American chef, restaurateur

Britt Rescigno is an American chef and restaurateur. She has appeared on many American televised cooking competitions.

== Early life and education ==
Brittany Rescigno was born and raised in the New Gretna section of Bass River Township, New Jersey, and grew up working at her grandparents' seafood restaurant, Allen's Clam Bar, which was next door to the family home and where her father was the chef. She additionally served as the head chef for Breeze’s Bar and Grill following her tenure at Allen’s. She was cooking on the line by the time she was 13. She graduated from Pinelands Regional High School. She graduated from The Culinary Institute of America in 2009 and externed at Wequassett Resort and Golf Club on Cape Cod.

== Career ==
Rescigno has worked as a consulting chef to help open restaurants. She was executive chef at Delaware Avenue Oyster House in Long Beach Island, New Jersey.

She was invited by fellow Tournament of Champions contestant Jonathon Sawyer to appear with him at a food and wine event in Sun Valley, Idaho. She and then-partner Kinsey Leodler were at the time researching a location for opening a restaurant together, and after several more visits opened Fiamma in Ketchum, Idaho.

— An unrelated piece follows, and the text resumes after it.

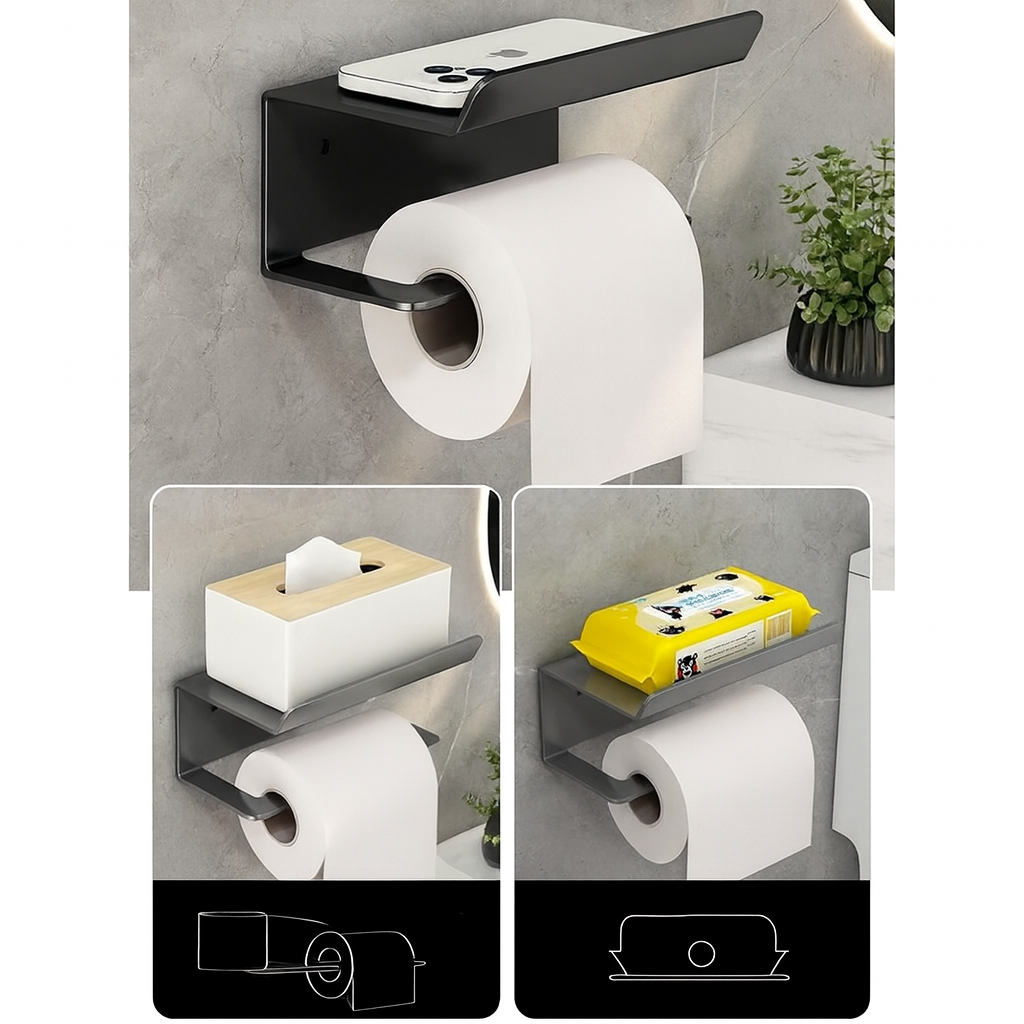 Suporte Para Papel Higiênico Com Apoio Para Objetos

== Television appearances ==
Rescigno has made multiple appearances in televised cooking competitions. In 2019 she won episodes of Chopped, Guy’s Grocery Games, and Beat Bobby Flay, in which she bested Flay by cooking her grandmother's chicken and dumplings. In 2022 she competed on Alex vs America. In 2023 she played in to an 8th seed on Tournament of Champions and became a semifinalist in what was described as a Cinderella story or underdog story; she was the first 8th seed ever to reach the semifinals. She also competed on Tournament of Champions in 2024, in which she made it to the final four, and in 2025, in which she was a #1 seed.

== Personal life ==
Rescigno married fellow chef Kinsey Leodler, whom she met while consulting to open a concept restaurant, in 2024. A previous marriage ended in 2020.